В левом верхнем окне представлена структура субстрата, в правом верхнем -структура метаболита, в правом нижнем окне указана разность вероятностей Р.-Р,-(вероятность, что образуется данный метаболит, минус вероятность, что он не образуется) для определенной реакции биотрансформации (в данном примере для алифатического гидроксилирования), профиль прогноза классов биотрансформации, идентификатор структуры и шаг метаболизма.
Окно с результатами генерации метаболитов программы METAPRED1CT. Структуры сгенерированных метаболитов и информация о них сохраняются в отдельный файл, который затем может быть использован для дальнейшего прогноза.
Таким образом может быть построена метаболическая сеть для любого интересующего соединения.
Помимо выполнения прогноза в программе можно создавать базы знаний, выбирая уровень используемых дескрипторов, создавать обучающие и тестовые выборки для генерации метаболитов, выбирать прогнозируемые классы биотрансформаций, и т.д.

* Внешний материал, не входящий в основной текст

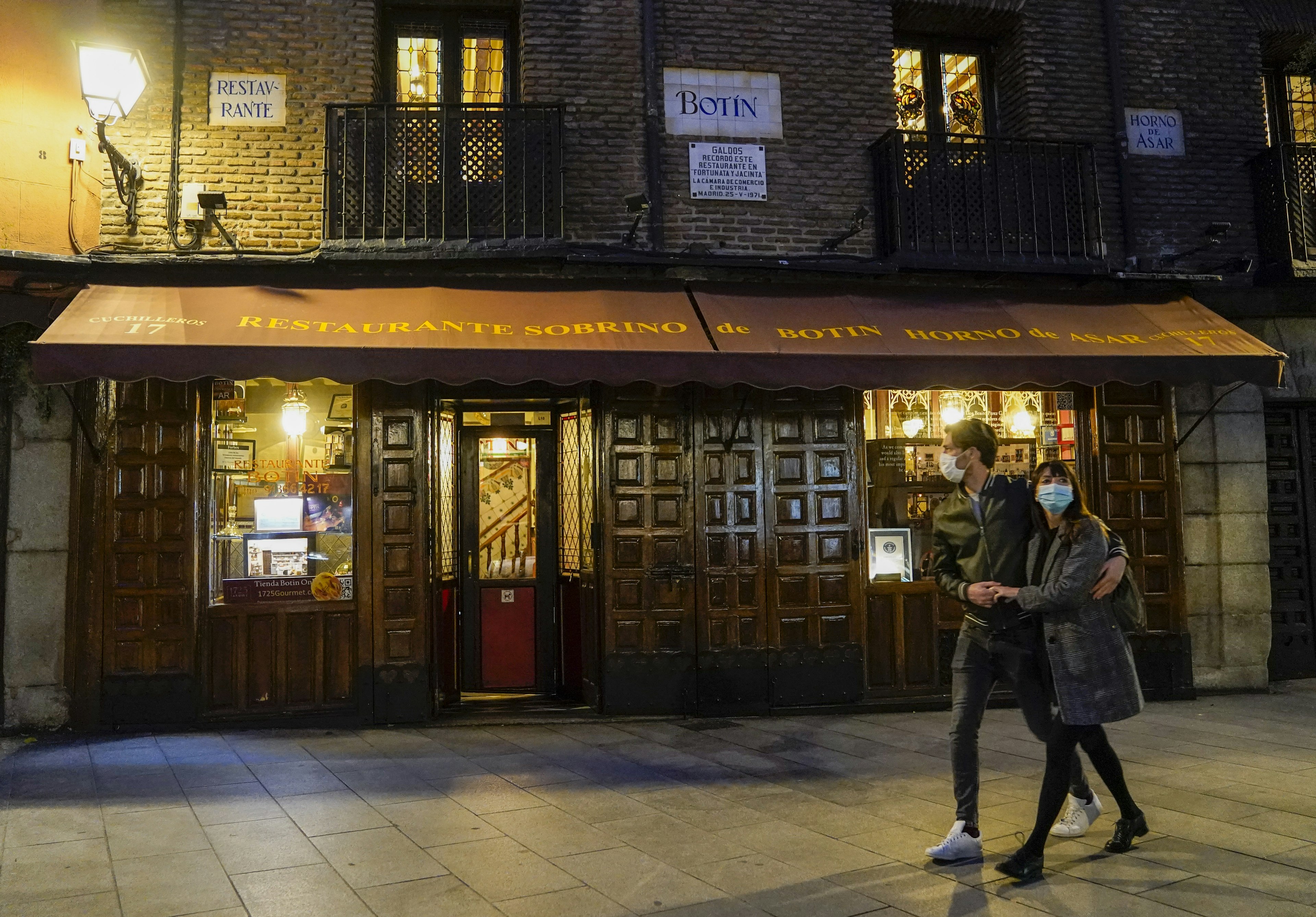 Pedestrians wearing protective masks walk past Botin restaurant in Madrid, Spain,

В результате выполненной работы был создан метод и компьютерная программа METAPredict для прогноза биотрансформации лекарственных соединений. В основу системы положен метод анализа связей «структура-активность», используемый в программе PASS (Prediction of Activity Spectrum for Substances). Созданная программа METAPredict позволяет прогнозировать типы биотрансформации, где, помимо названия реакции биотрансформации, используются названия семейств ферментов и изоферментов. Эта информация важна как для изучения поведения органических ксенобиотиков в различных органах и тканях, так и для исследования совместимости лекарственных средств.
Помимо этого для некоторых реакций биотрансформации генерируются метаболиты и оценивается вероятность их образования. Основу метода генерации метаболитов составляет разработанный и созданный в полуавтоматическом режиме словарь фрагментов реакций, отражающий структурные изменения в субстрате в ходе реакции биотрансформации.
Созданная программа METAPredict может быть использована на ранних этапах разработки лекарственных препаратов с целью оптимизации экспериментальных исследований соединений.
Программа METAPredict (прогноз классов биотрансформации, язык программирования: Object Pascal в среде Delphi; ОС: Windows 98/XP/NT) официально зарегистрирована в РОСПАТЕНТЕ за номером 2004610666.